The two key people at a dining in were the Captain and a junior officer who was designated as "Mr. (or Ms.) Vice." Mr. Vice was the enforcer of the rules of the occasion and he levied fines for not wearing the uniform correctly or swearing or not toasting with a full glass or smoking when not authorized.
There was a cocktail hour before the dinner, then the dinner began. The main course was always roast beef, with the first slice served to the Captain, who tasted it and then pronounced: "This beef is fit for human consumption." As the meal went on, Mr. Vice turned to his main duty, which was making sure everyone got shitfaced. This was done by frequent toasts, first to the President of the United States, then to the Commodore (if he attended the dinner) and then to the Captain. After that, the toasts were up to the imagination of Mr. Vice.
The best toast I ever heard was: "To the Russian Navy, for without them, we'd all be in the Coast Guard." One lieutenant was aghast at that toast, but the Captain thought it was very appropriate. If you read this, it probably will not surprise you to learn that the officer who made the toast was an OCS grad who got out after six years and the aghast LT was a Boat School grad who eventually became a flag officer.

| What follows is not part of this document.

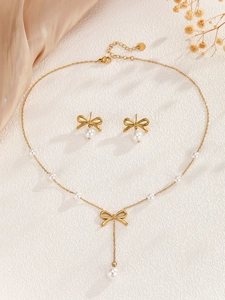 Close-up of elegant gold bow pendant and pearl necklace set on champagne velvet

The amount of drinking at a dining in began to taper off in the mid 1980s when the Navy started to get really serious about drinking and driving and then drinking in general. Up until then, getting blasted on shore leave/liberty ("shore leave" was the term for officers, "liberty" was the term for enlisted, though the colloquial term was "hitting the beach") was sort of a badge of honor, as in "it takes a real sailor to get blasted on the beach."
One time I drove a shipmate to his house after a dining in, because I had been careful with my drinking and he hadn't. I had a fairly new car at the time, the first new car I ever owned, and I told him that if he puked in my car, I was going to roll him into a drainage ditch and stand on his head. He didn't puke; I got him to his house and his thoroughly disgusted wife (it was well after midnight) and I managed to get his carcass inside the house. We dumped him on the living room floor, she threw a blanket over him, took his shoes off, put a pillow under his head and somewhat sarcastically thanked me for bringing him home.